California Courts of Appeal, 2024

People v. Lu CA4/2

People v. Lu CA4/2
California Courts of Appeal · Decided December 19, 2024

People v. Lu CA4/2

Opinion

Filed 12/19/24 P. v. Lu CA4/2 NOT TO BE PUBLISHED IN OFFICIAL REPORTS California Rules of Court, rule 8.1115(a), prohibits courts and parties from citing or relying on opinions not certified for publication or ordered published, except as specified by rule 8.1115(b). This opinion has not been certified for publication or ordered published for purposes of rule 8.1115.

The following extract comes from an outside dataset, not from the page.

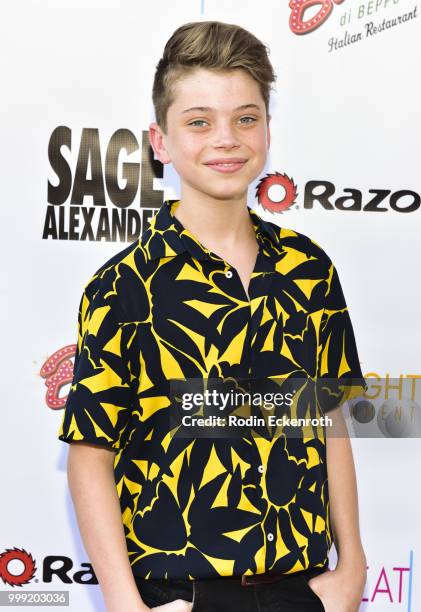 Aidan Langford attends the Sage Launch Party Co-Hosted by Tiger Beat at El Rey Theatre on July 14, 2018 in Los Angeles, California.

IN THE COURT OF APPEAL OF THE STATE OF CALIFORNIA FOURTH APPELLATE DISTRICT DIVISION TWO

THE PEOPLE, Plaintiff and Respondent, E083714 v. (Super.Ct.No. FVII18003090) MING LIANG LU, OPINION Defendant and Appellant.

APPEAL from the Superior Court of San Bernardino County. Michael A.

Camber, Judge. Affirmed.

Ming Liang Lu, in pro. per.; and Jared G. Coleman, under appointment by the Court of Appeal, for Defendant and Appellant.

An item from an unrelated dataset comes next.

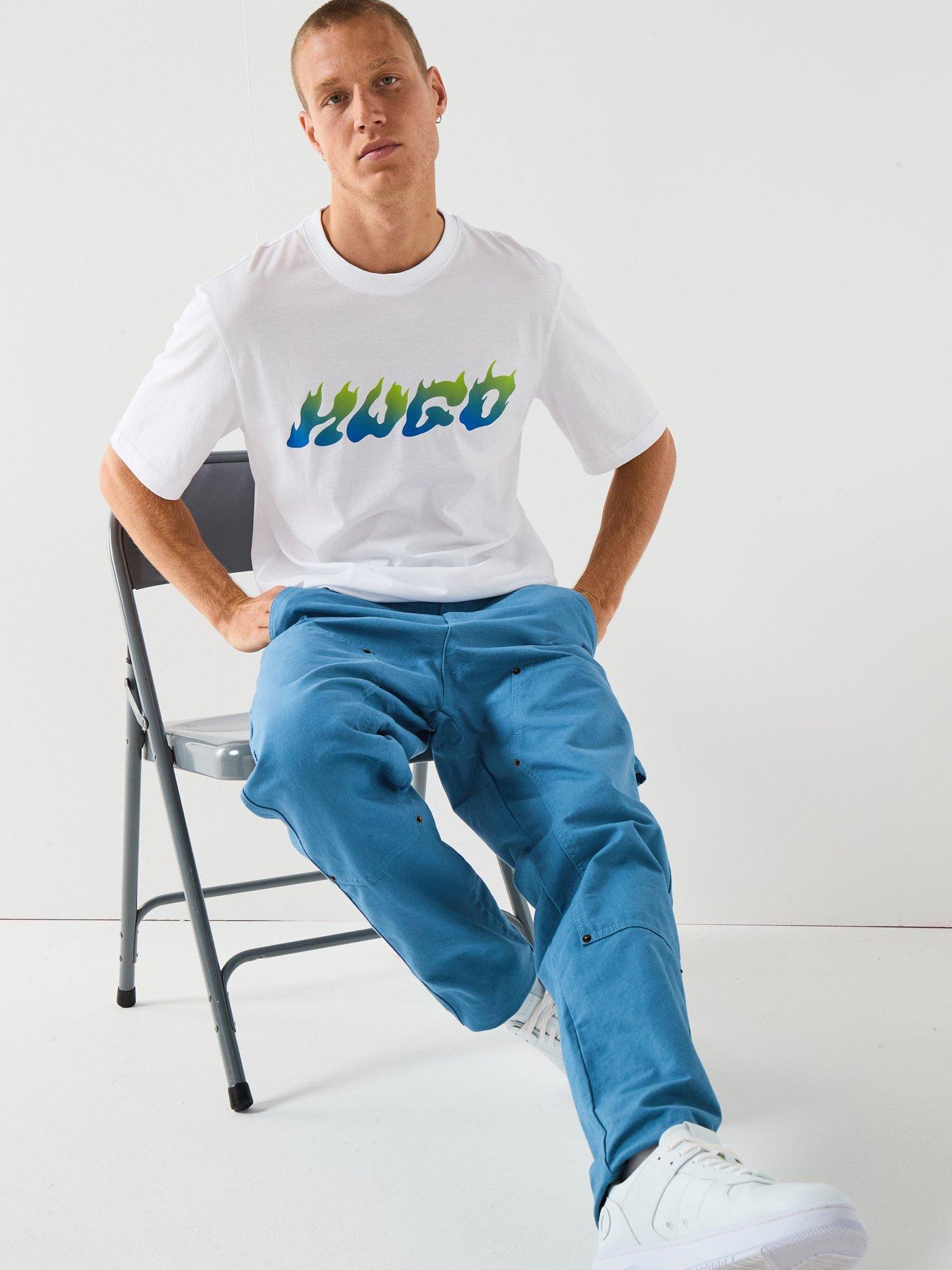 hugo-gioro254w-tapered-fit-trousers-bluedetail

No appearance for Plaintiff and Respondent.

Defendant and appellant Ming Liang Lu filed a petition requesting resentencing pursuant to Penal Code section 1172.1,1 which the court summarily denied. On appeal,

1 All further statutory references are to the Penal Code unless otherwise indicated.

counsel has filed a brief under the authority of People v. Delgadillo (2022) 14 Cal.5th 216 (Delgadillo), setting forth a statement of facts, a statement of the case, and requesting that we independently review the record for error.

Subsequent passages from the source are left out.